Collected data entries:
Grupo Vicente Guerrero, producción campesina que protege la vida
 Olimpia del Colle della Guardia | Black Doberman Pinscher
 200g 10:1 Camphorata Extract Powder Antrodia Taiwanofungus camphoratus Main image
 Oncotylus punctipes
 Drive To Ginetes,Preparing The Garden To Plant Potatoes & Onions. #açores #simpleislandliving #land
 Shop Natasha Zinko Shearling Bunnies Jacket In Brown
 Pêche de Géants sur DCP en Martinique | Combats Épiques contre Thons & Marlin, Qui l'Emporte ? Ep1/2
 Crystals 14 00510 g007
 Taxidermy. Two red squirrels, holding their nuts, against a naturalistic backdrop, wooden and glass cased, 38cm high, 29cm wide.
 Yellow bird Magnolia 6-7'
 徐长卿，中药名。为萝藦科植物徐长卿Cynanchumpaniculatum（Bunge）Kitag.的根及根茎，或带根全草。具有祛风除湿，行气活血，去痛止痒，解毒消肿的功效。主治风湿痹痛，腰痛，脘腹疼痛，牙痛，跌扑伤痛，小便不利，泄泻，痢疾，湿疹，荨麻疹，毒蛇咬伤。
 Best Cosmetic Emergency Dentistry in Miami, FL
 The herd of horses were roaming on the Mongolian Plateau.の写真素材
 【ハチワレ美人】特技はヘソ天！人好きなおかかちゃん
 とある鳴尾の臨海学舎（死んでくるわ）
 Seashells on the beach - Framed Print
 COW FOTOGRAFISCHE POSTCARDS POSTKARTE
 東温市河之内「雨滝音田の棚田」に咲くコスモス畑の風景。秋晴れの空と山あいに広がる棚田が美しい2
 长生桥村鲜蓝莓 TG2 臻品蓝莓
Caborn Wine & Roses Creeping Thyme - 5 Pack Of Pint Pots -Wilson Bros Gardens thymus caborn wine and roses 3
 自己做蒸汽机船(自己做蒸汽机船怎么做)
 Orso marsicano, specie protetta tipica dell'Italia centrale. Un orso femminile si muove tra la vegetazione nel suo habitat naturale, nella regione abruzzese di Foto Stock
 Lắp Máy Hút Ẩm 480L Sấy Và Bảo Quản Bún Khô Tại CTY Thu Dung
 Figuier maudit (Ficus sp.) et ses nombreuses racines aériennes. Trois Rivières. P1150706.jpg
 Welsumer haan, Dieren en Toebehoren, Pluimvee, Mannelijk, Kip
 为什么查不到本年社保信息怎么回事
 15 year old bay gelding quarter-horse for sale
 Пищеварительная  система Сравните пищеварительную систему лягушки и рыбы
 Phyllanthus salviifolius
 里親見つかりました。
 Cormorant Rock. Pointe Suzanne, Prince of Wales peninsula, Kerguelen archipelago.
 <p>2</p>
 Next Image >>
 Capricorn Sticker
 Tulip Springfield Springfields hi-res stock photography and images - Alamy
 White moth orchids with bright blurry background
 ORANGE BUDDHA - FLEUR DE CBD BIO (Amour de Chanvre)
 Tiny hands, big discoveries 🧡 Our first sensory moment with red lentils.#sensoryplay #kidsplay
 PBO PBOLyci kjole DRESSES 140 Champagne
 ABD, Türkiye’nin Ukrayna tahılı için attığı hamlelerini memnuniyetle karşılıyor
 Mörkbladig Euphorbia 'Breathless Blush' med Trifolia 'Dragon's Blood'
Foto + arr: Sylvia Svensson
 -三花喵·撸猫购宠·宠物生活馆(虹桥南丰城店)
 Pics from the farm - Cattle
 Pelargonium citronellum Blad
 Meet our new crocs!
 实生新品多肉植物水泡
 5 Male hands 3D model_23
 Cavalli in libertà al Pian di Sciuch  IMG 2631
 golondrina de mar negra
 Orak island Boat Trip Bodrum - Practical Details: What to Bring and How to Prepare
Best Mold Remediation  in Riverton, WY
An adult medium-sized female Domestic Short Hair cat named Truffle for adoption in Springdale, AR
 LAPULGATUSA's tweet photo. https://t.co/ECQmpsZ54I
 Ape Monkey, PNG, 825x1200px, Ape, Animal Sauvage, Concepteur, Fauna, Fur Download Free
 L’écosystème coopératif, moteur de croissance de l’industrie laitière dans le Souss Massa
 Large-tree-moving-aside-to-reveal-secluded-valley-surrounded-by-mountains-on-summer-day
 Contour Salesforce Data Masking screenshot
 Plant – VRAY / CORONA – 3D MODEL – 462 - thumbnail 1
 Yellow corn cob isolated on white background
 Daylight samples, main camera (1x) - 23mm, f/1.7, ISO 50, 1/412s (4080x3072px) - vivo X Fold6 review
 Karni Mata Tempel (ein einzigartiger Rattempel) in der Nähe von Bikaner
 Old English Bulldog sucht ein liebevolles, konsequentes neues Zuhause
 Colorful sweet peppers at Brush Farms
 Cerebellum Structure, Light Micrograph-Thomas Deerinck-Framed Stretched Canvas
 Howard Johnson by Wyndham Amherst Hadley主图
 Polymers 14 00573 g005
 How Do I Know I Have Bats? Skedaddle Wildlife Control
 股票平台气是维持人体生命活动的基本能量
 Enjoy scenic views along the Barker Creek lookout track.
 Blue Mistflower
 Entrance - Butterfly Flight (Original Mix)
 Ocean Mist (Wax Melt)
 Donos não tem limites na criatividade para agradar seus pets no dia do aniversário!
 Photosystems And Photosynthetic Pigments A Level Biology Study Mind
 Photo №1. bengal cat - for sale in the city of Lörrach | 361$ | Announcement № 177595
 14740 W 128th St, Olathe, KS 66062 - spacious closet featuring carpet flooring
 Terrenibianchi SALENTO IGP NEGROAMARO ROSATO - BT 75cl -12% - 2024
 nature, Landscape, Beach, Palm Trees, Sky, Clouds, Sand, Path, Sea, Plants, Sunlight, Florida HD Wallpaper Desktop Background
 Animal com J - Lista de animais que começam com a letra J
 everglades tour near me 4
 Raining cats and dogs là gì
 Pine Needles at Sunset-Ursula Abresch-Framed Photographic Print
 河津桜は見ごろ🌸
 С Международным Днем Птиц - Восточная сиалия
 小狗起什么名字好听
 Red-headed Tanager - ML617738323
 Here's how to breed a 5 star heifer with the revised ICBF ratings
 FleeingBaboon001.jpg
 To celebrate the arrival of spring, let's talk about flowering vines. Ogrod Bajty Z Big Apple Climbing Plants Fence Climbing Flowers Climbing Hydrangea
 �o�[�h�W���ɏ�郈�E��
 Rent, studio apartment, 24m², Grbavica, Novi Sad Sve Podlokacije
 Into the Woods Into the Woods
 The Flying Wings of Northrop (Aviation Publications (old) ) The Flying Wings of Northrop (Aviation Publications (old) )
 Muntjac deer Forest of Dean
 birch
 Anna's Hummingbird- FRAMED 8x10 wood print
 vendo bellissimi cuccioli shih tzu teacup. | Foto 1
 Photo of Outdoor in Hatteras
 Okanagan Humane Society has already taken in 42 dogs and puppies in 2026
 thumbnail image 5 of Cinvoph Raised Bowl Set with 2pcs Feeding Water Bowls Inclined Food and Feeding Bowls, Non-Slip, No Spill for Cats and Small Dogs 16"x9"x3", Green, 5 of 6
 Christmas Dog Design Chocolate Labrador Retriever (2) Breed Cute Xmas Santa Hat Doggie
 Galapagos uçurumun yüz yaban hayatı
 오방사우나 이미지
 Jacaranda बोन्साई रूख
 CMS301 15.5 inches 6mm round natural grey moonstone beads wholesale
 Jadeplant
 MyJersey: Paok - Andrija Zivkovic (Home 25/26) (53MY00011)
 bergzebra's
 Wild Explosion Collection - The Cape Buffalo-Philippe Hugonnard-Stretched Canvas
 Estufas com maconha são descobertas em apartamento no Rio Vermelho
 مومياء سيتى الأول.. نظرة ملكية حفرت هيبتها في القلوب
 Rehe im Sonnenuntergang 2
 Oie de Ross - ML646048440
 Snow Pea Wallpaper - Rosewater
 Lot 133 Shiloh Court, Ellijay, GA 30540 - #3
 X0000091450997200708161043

■ Exercise objective ■
Give a count of the lines above that include the word "Plants", and add nothing to it.

■ Written response ■
2